It seems likely that Mr. Trump considered the choice of convention venue
a political act of some weight. He
appeared to be exercising his own weird southern strategy. He started out in Charlotte, and when that
didn’t work retreated four hundred more miles down the meridian, to
Jacksonville. When that fell through he
simply gave up, but my theory is he still wasn’t quite far enough south. I suspect that President Bolsonaro would have
accommodated the Republicans in São Paulo.
The debates
are a different matter, actual debate being a necessary and appropriate aspect
of democratic governance. And both
parties seem to regard them as a necessary exercise. The Republicans are animated by vain hope
while the Democrats tremble in plausible fear.
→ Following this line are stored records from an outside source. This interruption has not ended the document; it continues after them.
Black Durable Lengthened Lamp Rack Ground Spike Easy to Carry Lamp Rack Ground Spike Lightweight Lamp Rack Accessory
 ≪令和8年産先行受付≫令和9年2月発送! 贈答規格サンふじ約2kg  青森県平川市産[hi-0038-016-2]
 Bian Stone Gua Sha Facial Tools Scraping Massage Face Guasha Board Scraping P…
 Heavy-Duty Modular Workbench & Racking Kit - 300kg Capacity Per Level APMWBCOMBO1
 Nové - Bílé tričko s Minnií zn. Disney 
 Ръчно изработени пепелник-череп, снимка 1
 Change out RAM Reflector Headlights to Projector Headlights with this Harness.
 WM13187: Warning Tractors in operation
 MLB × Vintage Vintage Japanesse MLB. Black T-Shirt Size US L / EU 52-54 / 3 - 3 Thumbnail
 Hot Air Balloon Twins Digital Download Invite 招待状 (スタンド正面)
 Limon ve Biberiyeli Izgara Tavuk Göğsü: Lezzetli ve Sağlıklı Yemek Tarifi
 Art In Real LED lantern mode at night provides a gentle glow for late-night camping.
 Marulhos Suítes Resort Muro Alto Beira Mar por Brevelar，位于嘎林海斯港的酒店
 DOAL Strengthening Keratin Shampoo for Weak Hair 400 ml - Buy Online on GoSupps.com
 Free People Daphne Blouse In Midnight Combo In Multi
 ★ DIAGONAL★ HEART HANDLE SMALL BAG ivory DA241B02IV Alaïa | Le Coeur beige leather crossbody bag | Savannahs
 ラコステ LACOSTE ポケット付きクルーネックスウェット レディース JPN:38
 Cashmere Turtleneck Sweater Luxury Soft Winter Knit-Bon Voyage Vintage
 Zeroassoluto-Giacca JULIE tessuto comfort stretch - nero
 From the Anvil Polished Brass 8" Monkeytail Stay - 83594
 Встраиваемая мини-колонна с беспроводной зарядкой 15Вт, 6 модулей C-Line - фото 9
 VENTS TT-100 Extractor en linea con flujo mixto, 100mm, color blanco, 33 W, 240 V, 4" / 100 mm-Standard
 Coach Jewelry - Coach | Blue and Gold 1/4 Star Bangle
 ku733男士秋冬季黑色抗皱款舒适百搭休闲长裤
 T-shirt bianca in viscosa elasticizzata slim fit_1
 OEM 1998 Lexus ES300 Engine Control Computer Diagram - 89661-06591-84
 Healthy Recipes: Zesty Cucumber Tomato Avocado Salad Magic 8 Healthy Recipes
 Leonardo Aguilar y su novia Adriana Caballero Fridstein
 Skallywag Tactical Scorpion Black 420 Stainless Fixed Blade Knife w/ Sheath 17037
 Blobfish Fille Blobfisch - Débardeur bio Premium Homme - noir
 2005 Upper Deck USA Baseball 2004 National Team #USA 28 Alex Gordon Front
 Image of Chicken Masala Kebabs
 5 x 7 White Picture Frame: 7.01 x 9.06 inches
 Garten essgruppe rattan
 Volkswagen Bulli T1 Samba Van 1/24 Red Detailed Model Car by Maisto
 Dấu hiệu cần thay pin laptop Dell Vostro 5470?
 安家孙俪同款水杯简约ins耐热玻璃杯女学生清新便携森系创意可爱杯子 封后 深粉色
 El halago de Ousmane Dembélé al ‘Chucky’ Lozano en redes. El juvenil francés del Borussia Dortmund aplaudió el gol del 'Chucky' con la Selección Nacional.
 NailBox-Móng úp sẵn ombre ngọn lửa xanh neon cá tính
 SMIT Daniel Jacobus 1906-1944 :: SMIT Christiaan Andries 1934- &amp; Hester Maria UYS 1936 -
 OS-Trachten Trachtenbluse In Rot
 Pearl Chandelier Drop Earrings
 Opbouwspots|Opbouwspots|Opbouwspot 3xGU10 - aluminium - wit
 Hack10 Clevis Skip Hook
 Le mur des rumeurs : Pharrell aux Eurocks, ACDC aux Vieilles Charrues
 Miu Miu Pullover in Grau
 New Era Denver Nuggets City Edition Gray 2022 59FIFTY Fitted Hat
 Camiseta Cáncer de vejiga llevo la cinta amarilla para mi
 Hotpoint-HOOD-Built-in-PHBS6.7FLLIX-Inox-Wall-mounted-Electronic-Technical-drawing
The Republican hope is that Donald Trump might after all rise to a
complete and correct declarative sentence with a definable subject in
grammatical agreement with a definable predicate. The Democratic fear, of course, is that their
candidate will reveal himself as an amiable gaffer who would have trouble
keeping accurate score in a shuffleboard game in a Florida nursing home.
Debate has
a long and distinguished history in the progress of human intellection
generally. From the legal proceedings of
the ancient Romans to the disputations of the Schoolmen to the oratory of the
Whig and Tory parliamentarians the thrust and parry of argument and counter
argument has been one of the principal methods of intellectual progress in
important fields, especially politics.
In our own country think of debates at the Constitutional Convention or
those between Stephen Douglas and Abraham Lincoln. To this very day speakers in the British
Parliament continue to prove that the exchange of ideas can be at once raucous,
witty, artful, and substantial. But of
course the journalistic events sponsored by the Commission on Presidential
Debates are not debates They are difficult to account for from the generic
point of view: serial press conferences perhaps, or sequential brags, but not
debates. All an audience remembers of
them are theatrical moments, notable gaffes or put-downs.
The first
of the televised debates, that between Kennedy and Nixon, set the trend. Though there was at least a feint at the engagement
of ideas, savvy commentators immediately recognized it as a beauty contest that
Nixon lost mainly because of the televised appearance of his five-o’clock
shadow. This debate also initiated
another trend. What the supposed
debaters actually said would be subordinated to interpretations of what they
had said offered by celebrity journalists.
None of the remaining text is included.